Читать «Наполеон I. Его жизнь и государственная деятельность» онлайн - страница 66

Александр Трачевский

Но месть народов возбуждала национализм и во французах. Сознавая, что вчера еще мир преклонялся перед ними за просветительные начала “великой” революции, они вообще смотрели на другие народы как на “варваров”. А теперь они получали право на это: пруссаки выказали истинное зверство. Жалкая, вероломная дипломатия разжигала ненависть и презрение гордой нации. Французы забыли про “виновника” бедствий и опять восторгались своим героем, который не был побежден: он отступил так, что потерял гораздо меньше людей, чем союзники, у которых было наполовину больше войск. Могикане “великой армии” все еще находились под обаянием “гения битв”, который разделял с ними все опасности и лишения и всегда вовремя являлся к ним на выручку. Они разносили по Франции вести о его чудотворствах и еще о его великой душе. Воитель и вправду становился все сердечнее по мере колебания счастья. Он запретил жечь Лейпциг при отступлении. Его кошелек был открыт для обездоленных. “Бедняга!” – говорили солдаты, видя неутешного вождя после смерти его Патрокла, Дюрока. А он выказывал отеческую заботливость и искреннее сострадание к юным жертвам голодного тифа, которых увозили на ломовиках, “связывая трупы, как сено”. Наполеон даже отпустил папу в Рим, а Фердинанда VII – в Мадрид. Сам Талейран признавался, что если девяносто девять процентов нации жаждали мира, то девяносто девять с половиной процентов желали своего императора: французы верили, что только его гений опять спасет их и от варваров, и от Бурбонов. И по стране слышалась теплая песенка Беранже о “нем”.

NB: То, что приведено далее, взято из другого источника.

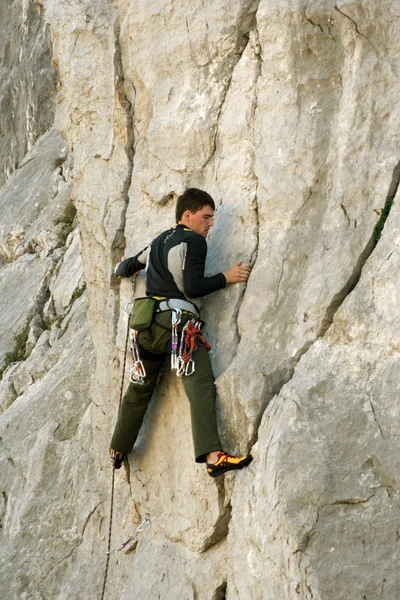 뒤에 넓은 계곡이 있는 석회암 벽을 타고 오르는 젊은이 — 스톡 사진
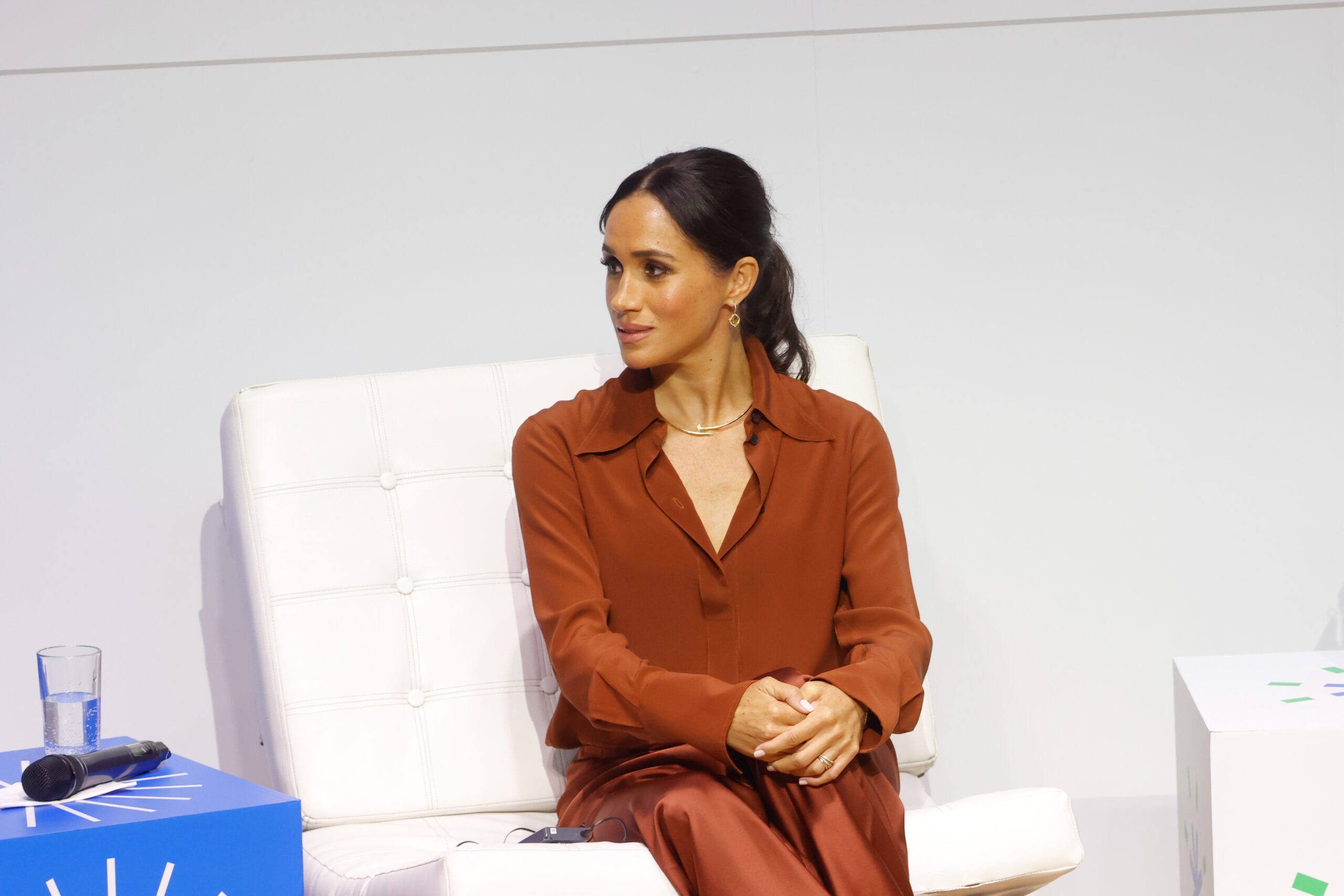 Meghan Markle sits on a couch during a forum in Bogota, Colombia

Союзников встретил во Франции патриотизм, напоминавший Испанию и Россию; а в крепостях стойко держались ветераны. Солдаты кричали вместе с народом: “Долой изменников! Смерть роялистам!” “Придется охранять армию с тыла другою армией!” – воскликнул испуганный Шварценберг. Но Цезарь и теперь не мог освободиться от рокового заблуждения. Когда законодательный корпус потребовал мира, а также “свободы и политических прав для нации”, он закрыл его как гнездо “изменников и друзей Англии”. Он закричал на “идеологов”: “Настоящий трон – человек; и это – я, с моей волей, с моим характером, с моей славой. Я могу спасти Францию, а не вы! Франция больше нуждается во мне, чем я – в ней... Я сам хочу мира, но согласного с честью нации. Через три месяца враги будут изгнаны из Франции или я умру!”

А между тем у императора не хватало ни оружия, ни мундиров, ни денег. Поспешная спекуляция с землями общин дала мало; если увеличили налоги наполовину, то столько же оказалось недоимок. Товары лежали массами от застоя в торговле; всюду объявлялись банкроты. Народ нес белье в ломбард; в Париже продавались только пища да конфекты. Звонкая монета исчезла; развилось ростовщичество; рента упала наполовину. Мало было и рекрутов: крестьяне хотели защищать только свои усадьбы. У Наполеона оказалось всего двести тысяч боевых детей и калек с двумя сотнями орудий; у неприятеля было шестьсот тысяч и девятьсот пушек.